Another time, she seized a piece of defense evidence that had been handed to her for quick review and then refused to return it. Defense attorney Raphael Constant asked judges to remind Mulvaney that the trial was not “a Western movie where we can just do what we want.”

Mulvaney makes no apologies.

“I don’t always do things in the most gracious manner,” she said with a shrug.

Her days are spent in a drab conference center in Arusha, a sleepy tourist town best known as a way station for travelers going to climb nearby Mt. Kilimanjaro or making a safari to the Serengeti. Now tourist groups also file through the tribunal, watching through bulletproof glass as the international wheels of justice slowly turn.

Launched in 1995, it’s the most ambitious war crimes tribunal ever convened, including several dozen cases, nearly 1,000 employees from 80 nations and a budget of more than $1.5 billion. Among the 73 detainees are government ministers, military leaders, priests, students, businessmen and journalists.

The 1994 genocide was triggered by the April 6 death of Rwandan President Juvenal Habyarimana, whose plane was shot down as it approached Kigali, the Rwandan capital. In the chaos over who was responsible for the assassination, long-simmering animosities between the majority Hutus and minority Tutsis exploded.

Advertisement

Hutus were oppressed during Rwanda’s long colonization by the Belgians, who believed Tutsis were racially superior. After independence, Hutus took power -- and revenge -- and a Tutsi rebel army began to form.

Each side blamed the other for the president’s death. In a spasm of violence that prosecutors allege was long planned, Hutus launched a massive attack on Tutsi civilians. Many of the killings were carried out by ordinary Hutus armed only with machetes. Teachers killed students. Priests betrayed parishioners. Neighbors turned against one another.

To date, the tribunal -- expected to continue until 2010 -- has convicted 23 people, although critics have questioned its costs and delays.

Prosecutors say Bagosora, then the Cabinet director of the Defense Ministry, was the top-ranking military leader in the country when the president’s plane went down. Prosecution witnesses, including former U.N. commander Romeo Dallaire, accused him of seizing power, dispatching a mob of soldiers to kill Uwilingiyimana, the prime minister, and 10 Belgian peacekeepers guarding her.

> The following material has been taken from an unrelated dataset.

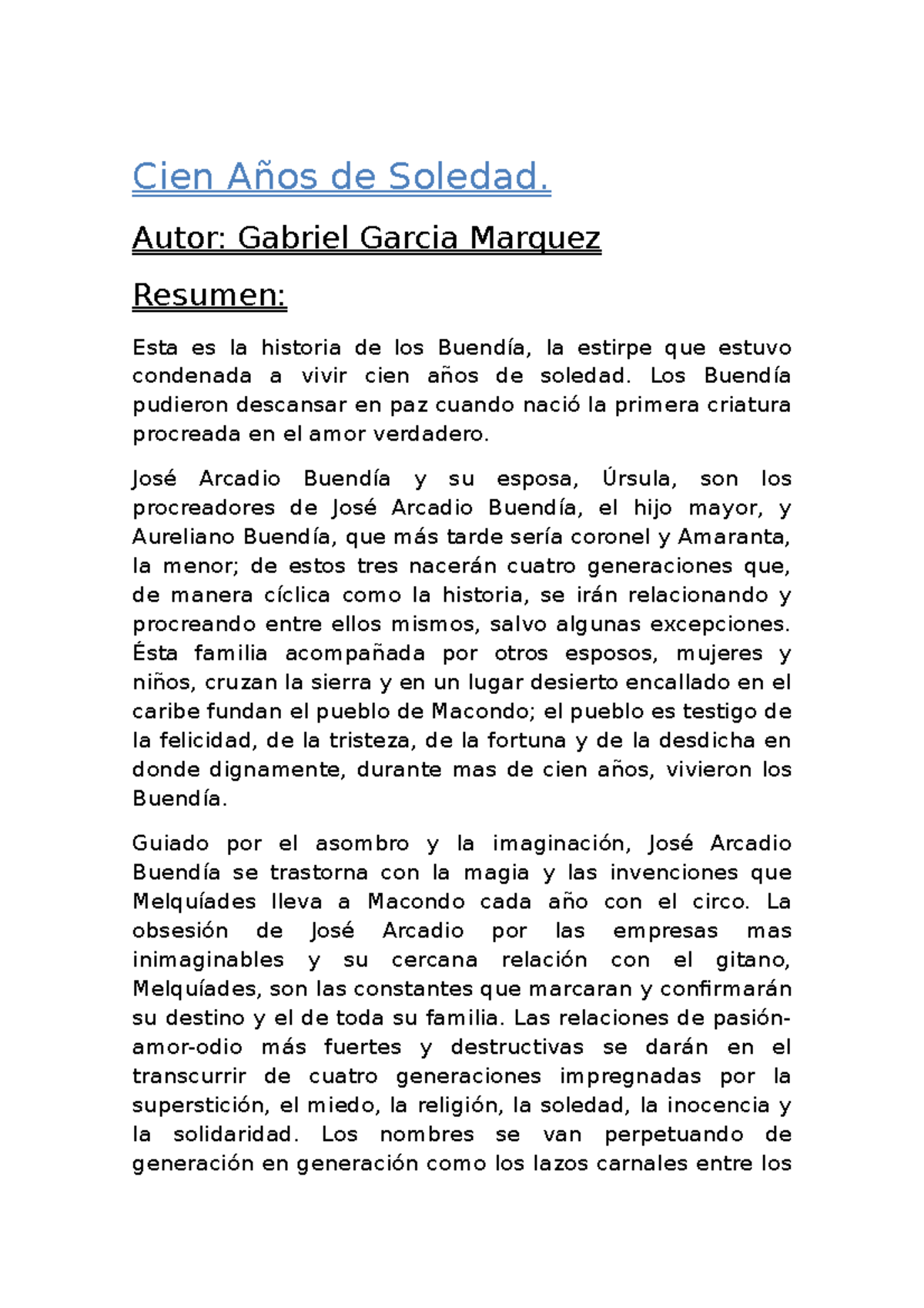 100 a os de soledad Cien A os - Thumb 1200 1698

“No case is more important,” said Hassan Jallow, chief prosecutor of the tribunal. “It tells you exactly what happened, how events unfolded and how the killing started.”

Bagosora, a Hutu who once allegedly stormed out of Hutu-Tutsi peace talks, saying he had to go “prepare for the apocalypse,” is accused of arming civilians and ordering military units to proceed with the massacre.

Advertisement

On the stand, Bagosora denied there was a conspiracy. He characterized the killings as a spontaneous eruption of ethnic hatred. He called the killings “excessive” but said “they do not amount to genocide.”

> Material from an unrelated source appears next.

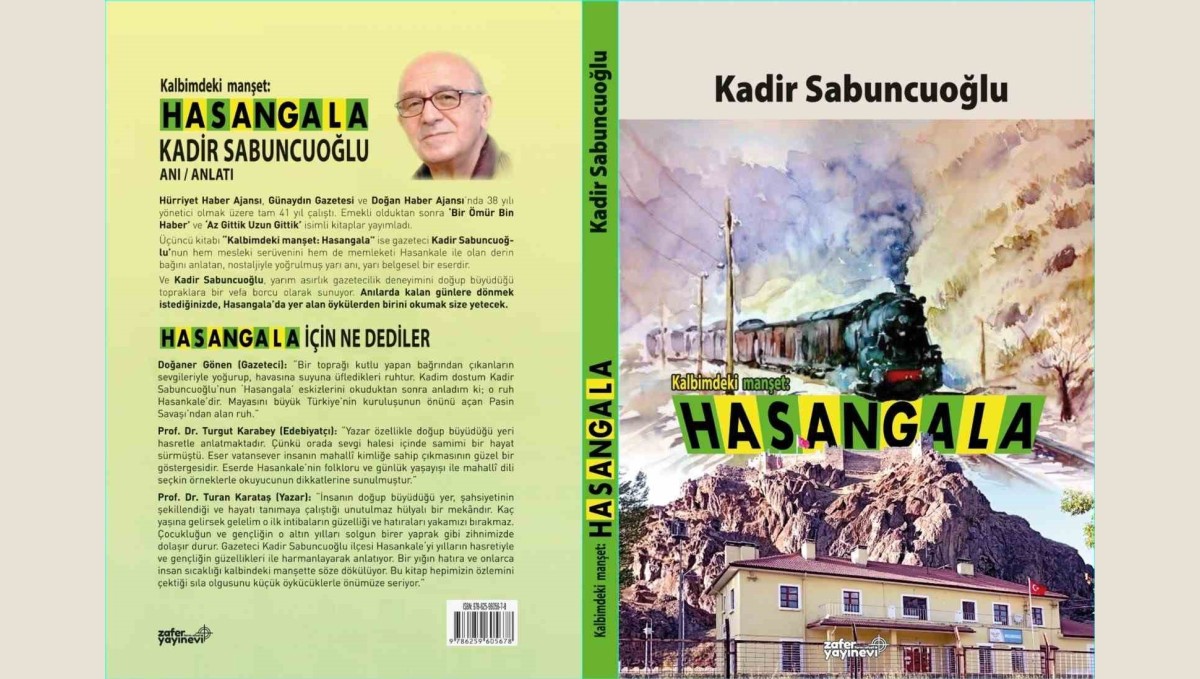 'Kalbimdeki manşet: Hasangala' kitabı baskıda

Constant, his French attorney, said the tribunal had failed to uncover written orders, meeting notes or other evidence to link his client to a vast genocide conspiracy. Nevertheless, Constant said his client was resigned to losing.

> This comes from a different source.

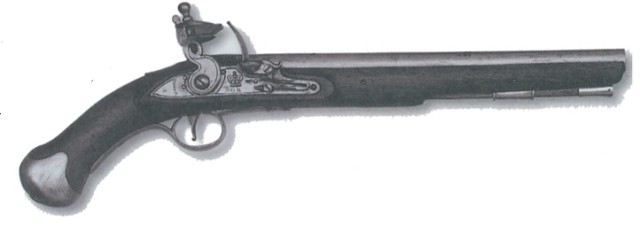 Флотский британский пистолет 1805 г.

Bagosora’s refusal to accept any responsibility or express remorse left Mulvaney fuming at the prosecution table.

“In my heart of hearts, I think he’s guilty of one of the worst crimes in history,” she said. “Ultimately he has to take responsibility, and he never has.”

After three years in Arusha, Mulvaney said, she is starting to get an itch to move on. She once submitted a letter of resignation in a moment of exasperation, but then reconsidered.

“I have days when I really want to leave,” she said. “But I would have never traded this experience. To be here has been such a privilege.”

Advertisement

After leaving, she’d like to compile archives of the case records to allow future generations to study and perhaps better understand the genocide.

She’s also started thinking about attending Harvard Divinity School.

“It would be a chance to reflect and look back on all this,” she said.

“We all think about God here. Everyone who has been involved in this work at one time has had to wonder: How do humans fall to this level? And where was God?”